== EXCERPTED DATA ==
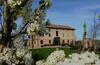 Agroturismo La Casa Di Campagna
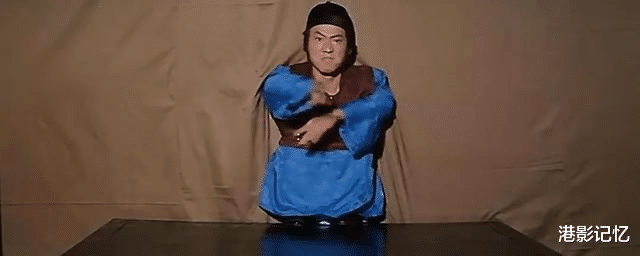 『法证先锋4』《奇门遁甲》又被翻拍，上映3天，斩获820万，评分比徐克版还高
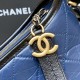 gabrielle bag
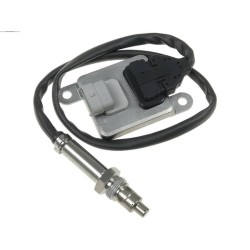 Capteur NOX remplace 21567764 / 5WK96644C / 7557180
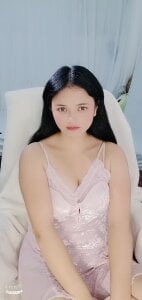 qian---qian Public Pic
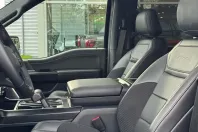 Ford F 150 din 2025 cu 115 km - oferta FOR182985 - foto 18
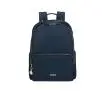 Plecak na laptopa Samsonite Karissa Biz 2.0 14,1"  Granatowy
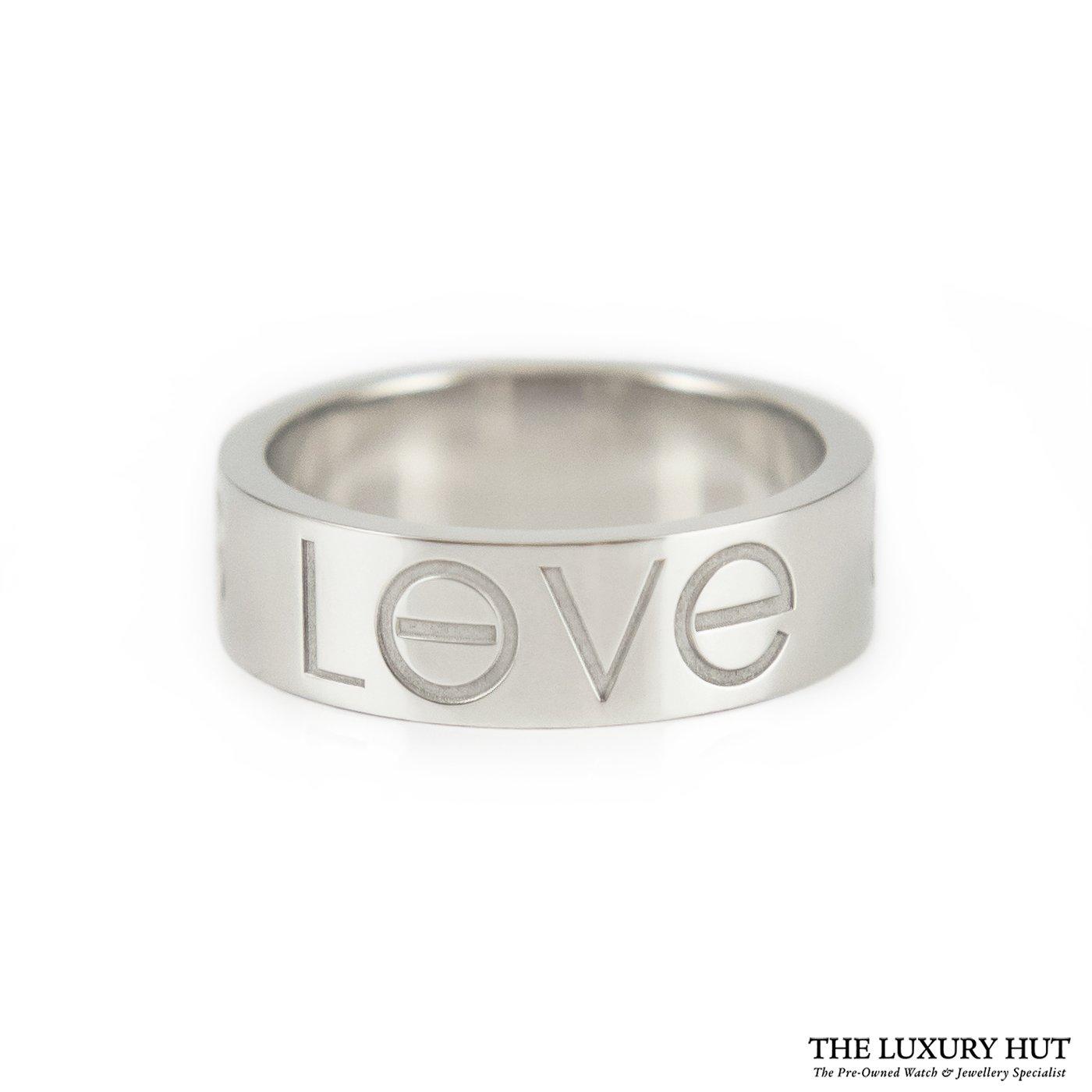 2023/06/Cartier-Love-Ring-35420-a-1.jpg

== WHAT THE TASK ASKS ==
With the pictures set aside, write out the whole listing exactly.

== REPLY ==
 Agroturismo La Casa Di Campagna
 『法证先锋4』《奇门遁甲》又被翻拍，上映3天，斩获820万，评分比徐克版还高
 gabrielle bag
 Capteur NOX remplace 21567764 / 5WK96644C / 7557180
 qian---qian Public Pic
 Ford F 150 din 2025 cu 115 km - oferta FOR182985 - foto 18
 Plecak na laptopa Samsonite Karissa Biz 2.0 14,1"  Granatowy
 2023/06/Cartier-Love-Ring-35420-a-1.jpg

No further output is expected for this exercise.